I'm not going to lie. I have been in a bad place for a while. Depending on which day you ask me, I'll give you a different answer to when it started. I've tried writing in my paper journals but somehow that seems to intensify the problems because I avoid talking about the actual problem. Here, I won't. After all, that's what this journal was created for. I think to the days where I say the bad place started last year when I hacked off a chunk of my hair. I don't grow my hair long because of vanity; I grow it because I'm too lazy to cut it and because I have it wired in my head to cut my hair before I cut skin. It's a warning system, a visual indicator for days when I don't know what the fuck is going on in my head.

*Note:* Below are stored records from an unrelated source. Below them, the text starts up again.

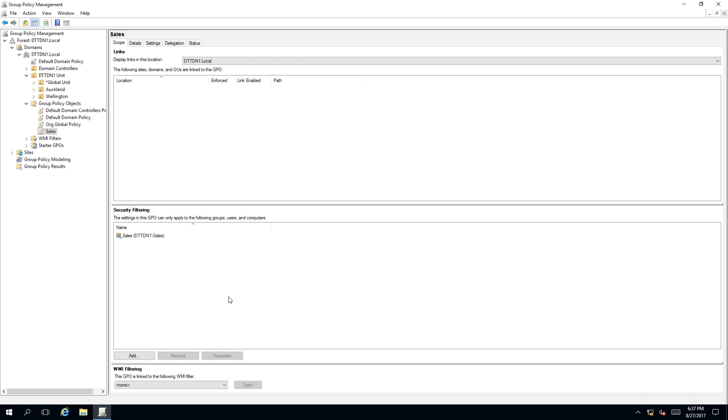What this now means is that any user who is a member of the Sales security group, this group policy will be applied, providing that the Sales security group is high enough in the hierarchical chain of the domain.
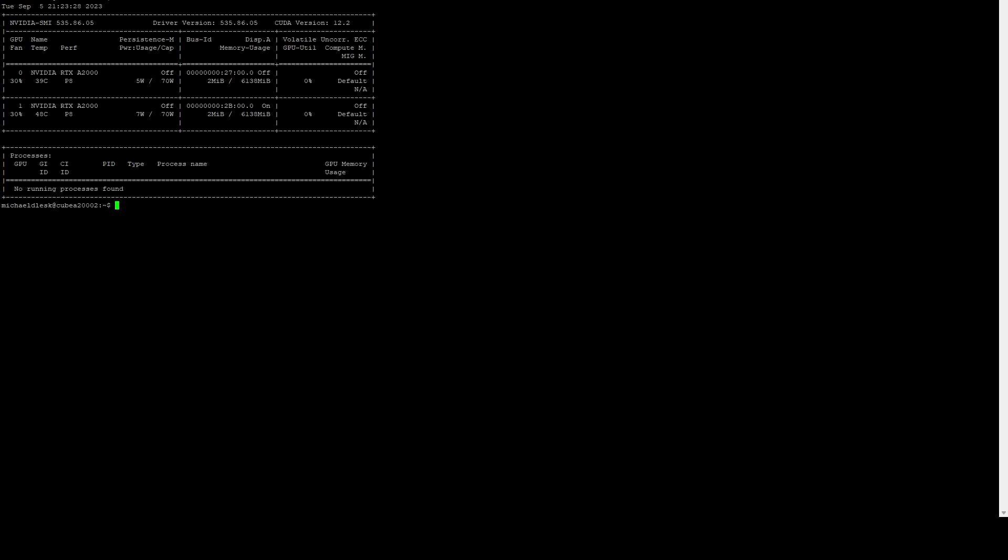Once the system reboots, we can log back in. If we run nvidia-smi, we can see that we now have both of our A2000s here, so perfect. That means the driver is up and running. I'm not going to do any tweaking on the cards, but if you wanted to, you could do some tweaking here, such as setting the power limit.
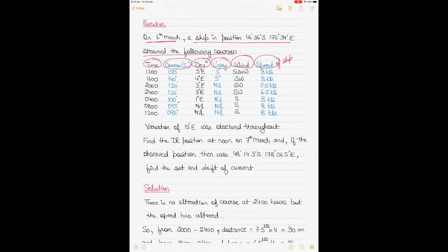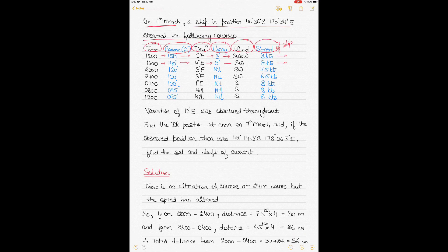From 1200 to 1600, the ship steered 150° compass, deviation 5° East, leeway 3°, wind Southwest by West, speed 8 knots. From 1600 to 2000, compass course was 140°, deviation 4° East, leeway 5°, wind Southwesterly, speed 8 knots. Different times, courses, deviation, and leeway information are all given.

I think to the days when I say 2013 has been horrible, but I got through it. What I'm afraid of is that this is the one thing I cannot. I'm on my last year of university but I have yet to make it in the nine years since I've graduated from high school. Every time I make it to sight distance away from the finish line, I trip, I fall. Then I give up and don't bother. I throw in the towel and go to lick my wounds somewhere away from the world. It's a cycle that never factors in life, time, love, friendship, loyalty, goals or anyone's happiness.

I keep trying to tell myself that I'm stronger than that. My councillor tells me I need self-love but belief is not gotten that way. I feel I've been given too many chances and no results. I'm one of those people who believe in results and for that, I believe I would be terrible as a leader or a boss. I have produced no results for myself. I can't tell you the last time I've done something worth it, whether it's fanfic or papers. My tongue is full of half-promises to buy me time to run away.

I turn to this journal as a last ditch effort. Last ditch before needing something more professional like antidepressants or other forms of approved therapy. I've talked to my councillor for years and while there has been some progress, I feel there is some that can be made by forcing myself to talk it out straight rather than the meandering I've been doing for four or five journals.